Stubborn Guiding Principles of My OS
- Force concurrent programming to be the best way. This is to force me to encounter the warts and problems and resolve them or document them and live with them.
- Don't have a full C Runtime Library and POSIX. This will keep me from falling back into the easy, decades old solutions.
- I can make C do concurrent programming, but it really hurts me. For the low level code user mode code I wrote a concurrent programming library for C, but it is really a pain to use it. This is not the answer, but it let me try out some program architectures by implementing the various OS bits and bobs in different styles, if somewhat clumsily.
- I want the user mode programs to be in a safe, high level language. There just isn't much point in programming in a language that finds bugs at runtime when you build cycle is "build new OS image, reboot computer, test". There isn't much point in a language that finds its bugs at run time anyway, but certainly not here.
- Communication between user mode programs must be fast and clean. Ideally there will be zero OS intervention in the communication. (except some scheduling when a process blocks on all of its IO options). I don't want IPC costs to impact the architecture. If lots of heterogeneous processes is the answer, then that's the way I'll go.
Questions You Might Have
What is it called?
For a long time it was named os
. But I recognized that was going to be a ungoogleable. Eventually I spent a day and named it "osy", because that was short, googleable, a nod to various simple OS names over the years, and clearly one better than OS X. Apple changed their OS name and ruined my joke.
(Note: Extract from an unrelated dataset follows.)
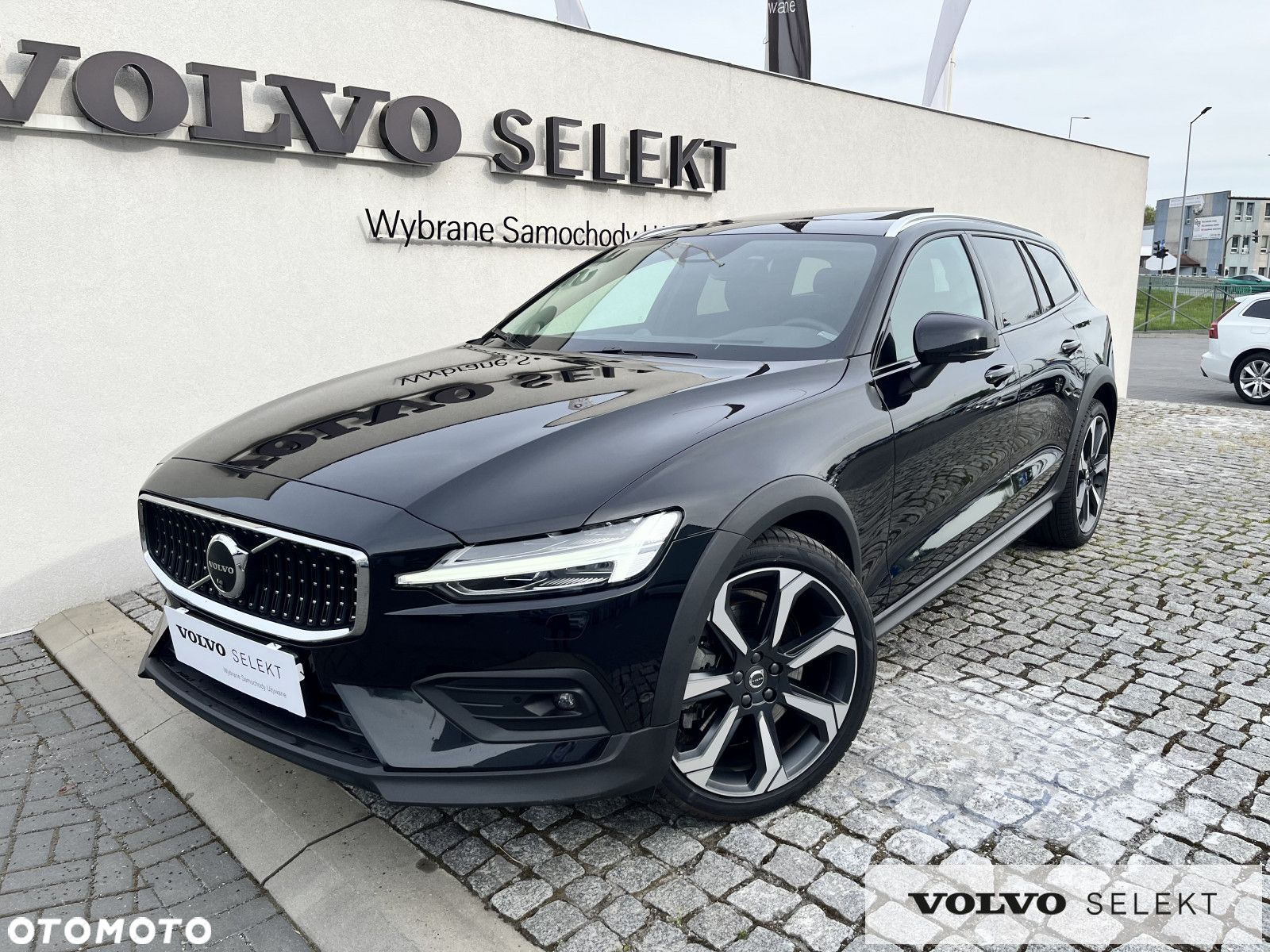 Volvo V60 Cross Country - 4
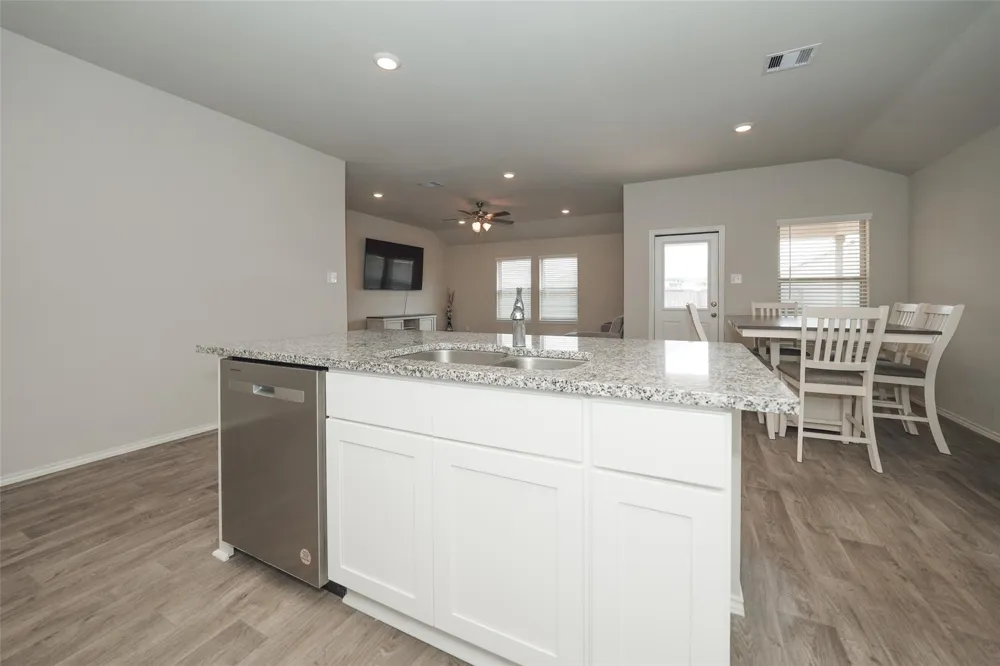 2407 Divot Lane Navasota, TX 77868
I'm keeping the name.
What kind of OS is it?
I don't want to call it a micro kernel, but the kernel does processes, memory management, scheduling, some primitive bootstrap facilities that are done better in user mode once we get up, and a couple of devices that kind of have to be done in the kernel (interrupt controllers and timers).
Have you ever heard of L4?
Yes. I wasn't aiming that way, but I did land pretty close to L4.
What is the kernel written in?
The kernel is ~6600 lines of C and 400 lines of assembler. That for ia32 and x86_64 architectures, though I'll throw out the ia32 next time I'm in there.
I use a number of Clang C extensions to great effect. Between cleanup and overloadable I end up with much more readable code, and cleanup in particular eliminates a whole class of errors.
You seem to have left out a lot of stuff, like devices.
Not a question, but yes. That is all done out in user mode processes. Not untrusted, if you are going to give a process enough access to enumerate your PCI address space, then you are trusting it.
The goal is to make use of the large numbers of cores available in modern systems by splitting tasks among them vertically as well as horizontally. IPC is cheap by design, and we'll see where that leads us in the solution space.
For now Ethernet, IP, ARP, UDP, and TCP are each a separate process communicating as needed. Surely that isn't the ultimate answer, but it lets me stress the communication. Oddly, it might be the answer for the general case, but acknowledge that UDP and TCP arrive as if by magic through off chip accelerators on high performance network cards.
There still seems to be a lot missing.
Most of the work ended up being in user mode. There I struggle with different models of concurrent programming and try to decide what I want.
I've been through C, Lua, and Wren for my user mode code. Device drivers are all in C, but are pretty simple in architecture so that works out. Lua was quick to port, but ultimately it isn't a sturdy enough language to make me happy. Wren was trivial to port and I like it, but I keep having odd performance issues I can't pin down and I've decided I need a real compiled language if I'm to make any judgements about performance.
I spent a couple weeks trying to port Swift to the OS, but was ultimately defeated by the thousands and thousands of lines of CMake with endless build variants and strange special case rules for OSes. So I went back to the "language" that started this blog, started over using Swift to write the compiler, and will use that to make my user mode programs. I just need to understand what the language is generating, and be able to alter the language to handle the concurrent communication without descending into a see of language warts.